Jerod Impichchaachaaha’ Tate

 

One of the nice things about doing nothing in particular for publications is that I get the marginalia that people with actual beats discard. I miss out on the really sought-after stuff, but it means I find things I'd never have noticed otherwise. During a massive jewel-case purge and CD-filing marathon, I came across one of those bits of promo backlog, which has probably been floating around my apartment since my previous job:

Jerod Tate

I put it on my computer, and it slowly migrated to my phone, and one day I found myself listening to it on the bus. And I realized I really should have listened to it a long time ago—when that was, I'm not sure, since I have no idea how long it took to migrate from the music critic's desk to the office grab bag, but it came out in 2008.
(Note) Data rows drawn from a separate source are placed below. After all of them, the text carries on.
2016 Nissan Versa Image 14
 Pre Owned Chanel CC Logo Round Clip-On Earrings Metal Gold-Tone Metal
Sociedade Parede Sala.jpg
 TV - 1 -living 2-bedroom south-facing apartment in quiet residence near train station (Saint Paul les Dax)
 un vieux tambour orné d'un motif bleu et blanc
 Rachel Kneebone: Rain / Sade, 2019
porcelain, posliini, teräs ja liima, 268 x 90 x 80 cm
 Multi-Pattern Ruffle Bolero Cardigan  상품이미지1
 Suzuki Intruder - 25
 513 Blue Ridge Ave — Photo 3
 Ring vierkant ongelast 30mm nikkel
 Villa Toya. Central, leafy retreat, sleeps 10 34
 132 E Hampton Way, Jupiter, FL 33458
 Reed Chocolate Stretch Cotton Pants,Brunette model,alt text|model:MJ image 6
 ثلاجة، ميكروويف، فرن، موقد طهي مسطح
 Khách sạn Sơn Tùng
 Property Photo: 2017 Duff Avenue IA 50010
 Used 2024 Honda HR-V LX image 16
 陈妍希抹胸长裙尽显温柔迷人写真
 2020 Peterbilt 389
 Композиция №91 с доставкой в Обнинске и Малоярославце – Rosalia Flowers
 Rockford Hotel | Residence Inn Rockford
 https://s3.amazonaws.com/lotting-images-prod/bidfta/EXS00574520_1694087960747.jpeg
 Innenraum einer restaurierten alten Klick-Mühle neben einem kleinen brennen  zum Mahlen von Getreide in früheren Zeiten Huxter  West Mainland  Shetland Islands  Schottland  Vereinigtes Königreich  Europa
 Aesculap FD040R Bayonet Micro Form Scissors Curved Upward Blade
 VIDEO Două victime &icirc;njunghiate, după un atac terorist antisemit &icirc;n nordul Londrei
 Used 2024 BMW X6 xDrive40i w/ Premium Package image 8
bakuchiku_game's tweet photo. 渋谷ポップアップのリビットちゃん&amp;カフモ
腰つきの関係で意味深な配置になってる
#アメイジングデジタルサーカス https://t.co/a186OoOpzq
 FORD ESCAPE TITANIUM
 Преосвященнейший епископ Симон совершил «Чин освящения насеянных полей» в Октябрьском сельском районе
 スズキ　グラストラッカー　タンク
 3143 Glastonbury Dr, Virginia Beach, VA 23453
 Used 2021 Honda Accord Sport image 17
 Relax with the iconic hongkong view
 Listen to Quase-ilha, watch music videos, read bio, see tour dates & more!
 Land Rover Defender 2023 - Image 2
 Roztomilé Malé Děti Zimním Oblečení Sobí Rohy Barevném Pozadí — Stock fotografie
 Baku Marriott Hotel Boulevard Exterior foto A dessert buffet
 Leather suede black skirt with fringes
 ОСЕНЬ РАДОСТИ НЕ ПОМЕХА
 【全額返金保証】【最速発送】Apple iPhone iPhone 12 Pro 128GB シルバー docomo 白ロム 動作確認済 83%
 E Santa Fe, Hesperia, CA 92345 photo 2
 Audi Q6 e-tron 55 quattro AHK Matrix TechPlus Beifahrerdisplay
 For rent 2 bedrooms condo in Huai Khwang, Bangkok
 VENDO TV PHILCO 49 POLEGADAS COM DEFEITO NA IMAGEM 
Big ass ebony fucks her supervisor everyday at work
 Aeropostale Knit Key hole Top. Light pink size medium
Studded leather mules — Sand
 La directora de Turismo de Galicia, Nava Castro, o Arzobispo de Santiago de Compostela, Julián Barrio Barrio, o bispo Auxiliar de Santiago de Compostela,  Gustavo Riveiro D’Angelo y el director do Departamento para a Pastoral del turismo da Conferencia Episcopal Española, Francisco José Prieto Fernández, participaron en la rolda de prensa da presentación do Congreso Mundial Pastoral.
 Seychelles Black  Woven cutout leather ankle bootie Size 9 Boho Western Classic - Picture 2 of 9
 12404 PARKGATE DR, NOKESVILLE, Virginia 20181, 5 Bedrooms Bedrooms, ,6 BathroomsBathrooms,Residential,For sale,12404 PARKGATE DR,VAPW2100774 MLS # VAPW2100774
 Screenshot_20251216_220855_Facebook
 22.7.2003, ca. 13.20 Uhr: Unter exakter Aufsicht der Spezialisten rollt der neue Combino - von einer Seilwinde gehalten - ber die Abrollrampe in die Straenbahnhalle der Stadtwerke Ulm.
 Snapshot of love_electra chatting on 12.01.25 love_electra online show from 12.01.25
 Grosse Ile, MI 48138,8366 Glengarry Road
Jerod Impichchaachaaha' Tate is an Oklahoma native and Chickasaw Nation citizen, the son of a pianist and dancer/choreographer, who studied piano at Northwestern with the intention of becoming a performer; he only got into composing when his choreographer mother talked him into scoring a ballet. In that early work, Tate used "tunes that were Indian-like"; his artistic mission has developed since then:

Tate decided his music from that point on would incorporate Chickasaw material, similar to the ways that such masters as Bela Bartok, Zoltan Kodaly and Toru Takemitsu adopted indigenous music of their respective countries.

"What I'm doing is working on a sound I want to be identified as Indian," he said. "I'm working for a nationalistic sound."

In terms of adapting vernacular American music to a classical idiom, he's somewhere in between, say, Charles Ives and Aaron Copland: not as aggressively iconoclastic as the former, but more dissonant and angular than the latter. In my favorite of the two works on the album, the concerto Tracing Mississippi, Tate sets the Chickasaw Garfish Dance song against a Choctaw hymm against an original melody by Comanche composer Dr. David Bad Eagle Yeagley, representations of three nations relocated along the Trail of Tears (you can hear it here). The San Francisco Chronicle's David Wiegand hears both Stravinsky and the soundtrack to Ben Hur, and it is very filmic music—dynamic, spacious, and propulsive. Fitting vernacular music into the classical repertoire can be difficult, because completely foreign styles are so difficult to mesh, even more so as explicitly as Tate does. But it's seamless, in part because 20th-century classical gives him a broader palette to work with. I don't quite have the grasp of new-classical for you to take this as the gospel truth, but I haven't immediately liked a piece like Tracing Mississippi in a long time.